## What the task requires
Write out the data below exactly, beginning with the first line and ending once the line that has "Bộ bát đĩa (tô" is written.
———
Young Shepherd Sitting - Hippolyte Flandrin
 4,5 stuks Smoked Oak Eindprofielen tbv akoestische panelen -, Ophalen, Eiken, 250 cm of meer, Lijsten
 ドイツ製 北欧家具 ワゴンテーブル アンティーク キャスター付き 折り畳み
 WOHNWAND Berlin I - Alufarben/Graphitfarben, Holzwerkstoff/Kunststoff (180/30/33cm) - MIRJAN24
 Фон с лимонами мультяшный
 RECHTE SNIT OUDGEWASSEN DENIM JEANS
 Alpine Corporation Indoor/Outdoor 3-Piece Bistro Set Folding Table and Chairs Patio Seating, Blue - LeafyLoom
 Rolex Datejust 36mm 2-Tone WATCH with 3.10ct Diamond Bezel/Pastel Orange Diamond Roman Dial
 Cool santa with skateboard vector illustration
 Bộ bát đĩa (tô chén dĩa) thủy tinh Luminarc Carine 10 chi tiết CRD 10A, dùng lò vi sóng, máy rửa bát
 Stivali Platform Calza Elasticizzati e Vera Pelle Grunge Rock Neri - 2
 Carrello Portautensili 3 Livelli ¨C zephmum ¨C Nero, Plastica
———
## Answer space
Young Shepherd Sitting - Hippolyte Flandrin
 4,5 stuks Smoked Oak Eindprofielen tbv akoestische panelen -, Ophalen, Eiken, 250 cm of meer, Lijsten
 ドイツ製 北欧家具 ワゴンテーブル アンティーク キャスター付き 折り畳み
 WOHNWAND Berlin I - Alufarben/Graphitfarben, Holzwerkstoff/Kunststoff (180/30/33cm) - MIRJAN24
 Фон с лимонами мультяшный
 RECHTE SNIT OUDGEWASSEN DENIM JEANS
 Alpine Corporation Indoor/Outdoor 3-Piece Bistro Set Folding Table and Chairs Patio Seating, Blue - LeafyLoom
 Rolex Datejust 36mm 2-Tone WATCH with 3.10ct Diamond Bezel/Pastel Orange Diamond Roman Dial
 Cool santa with skateboard vector illustration
 Bộ bát đĩa (tô chén dĩa) thủy tinh Luminarc Carine 10 chi tiết CRD 10A, dùng lò vi sóng, máy rửa bát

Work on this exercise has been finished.